Chris Murphy | 06/07/2022 17:33:57 |
76 forum posts 63 photos | Hi all, the thing I can’t understand about the levelling of the lathe is that in the manual it tells you to level the lathe with machinist levels, although I only have normal levels. this is what I did and the lathe on my stand was reading level on my levels. then in the manual it says to check for lathe body twist with a length of bar recessed in the middle and take light cuts on the two protruding bits. but it says that if these are out you have to adjust the jack screws again to get twist out of the bed. Once I did this, the lathe was not level again.
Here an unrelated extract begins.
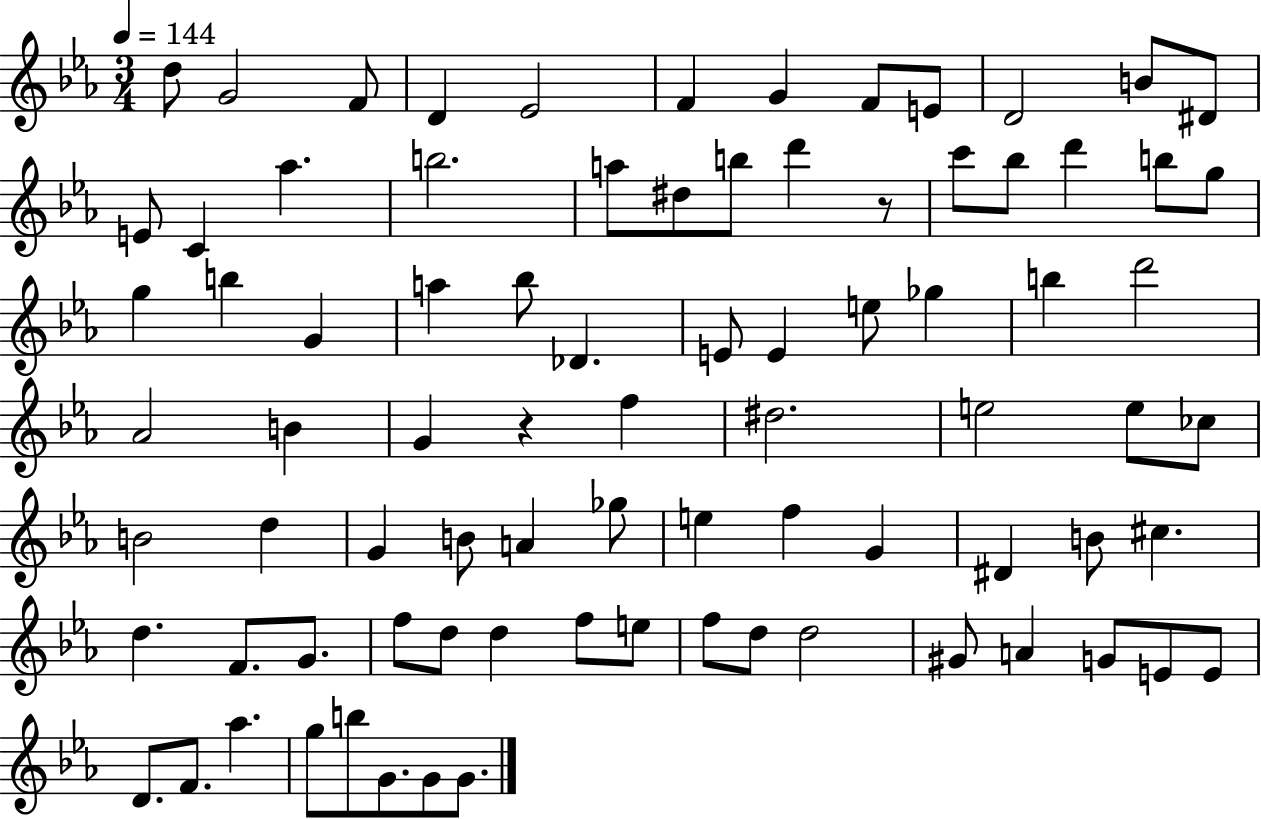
D5/e G4/h F4/e D4/q Eb4/h F4/q G4/q F4/e E4/e D4/h B4/e D#4/e E4/e C4/q Ab5/q. B5/h. A5/e D#5/e B5/e D6/q R/e C6/e Bb5/e D6/q B5/e G5/e G5/q B5/q G4/q A5/q Bb5/e Db4/q. E4/e E4/q E5/e Gb5/q B5/q D6/h Ab4/h B4/q G4/q R/q F5/q D#5/h. E5/h E5/e CES5/e B4/h D5/q G4/q B4/e A4/q Gb5/e E5/q F5/q G4/q D#4/q B4/e C#5/q. D5/q. F4/e. G4/e. F5/e D5/e D5/q F5/e E5/e F5/e D5/e D5/h G#4/e A4/q G4/e E4/e E4/e D4/e. F4/e. Ab5/q. G5/e B5/e G4/e. G4/e G4/e.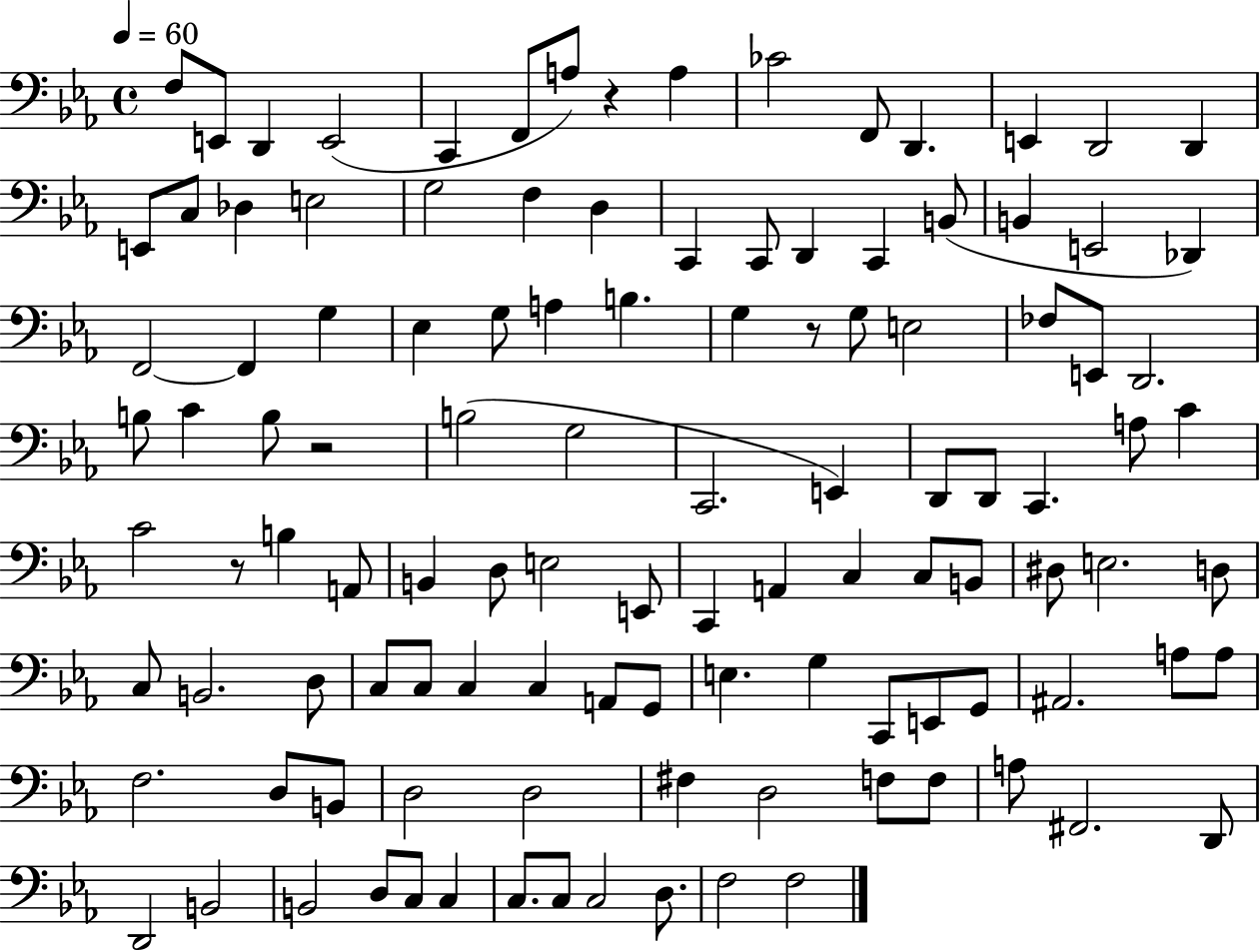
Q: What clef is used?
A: bass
I can’t understand this. can someone enlighten me. thanks chris m…. |
Michael Gilligan | 06/07/2022 17:41:18 |
![]() 23121 forum posts 1360 photos | The subject has been worked to death on this forum, Chris May I suggest that you search [using the box on the home-page NOT the one on this page] for the word levelling, and see what takes your fancy. … MichaelG. . Edited By Michael Gilligan on 06/07/2022 17:45:27 |
Hopper | 06/07/2022 17:41:50 |
![]() 7881 forum posts 397 photos | Getting it level is the first, and not necessary, step. Getting it to turn parallel as you have done with a test turning piece is the final, and necessary, step. As long as it turns parallel, actual level does not matter. Worn old lathes can have wear on the bed that throws a level out. |
Nick Wheeler | 06/07/2022 17:55:37 |
1227 forum posts 101 photos | The procedure is misnamed, as the lathe doesn't need to be level to turn accurately.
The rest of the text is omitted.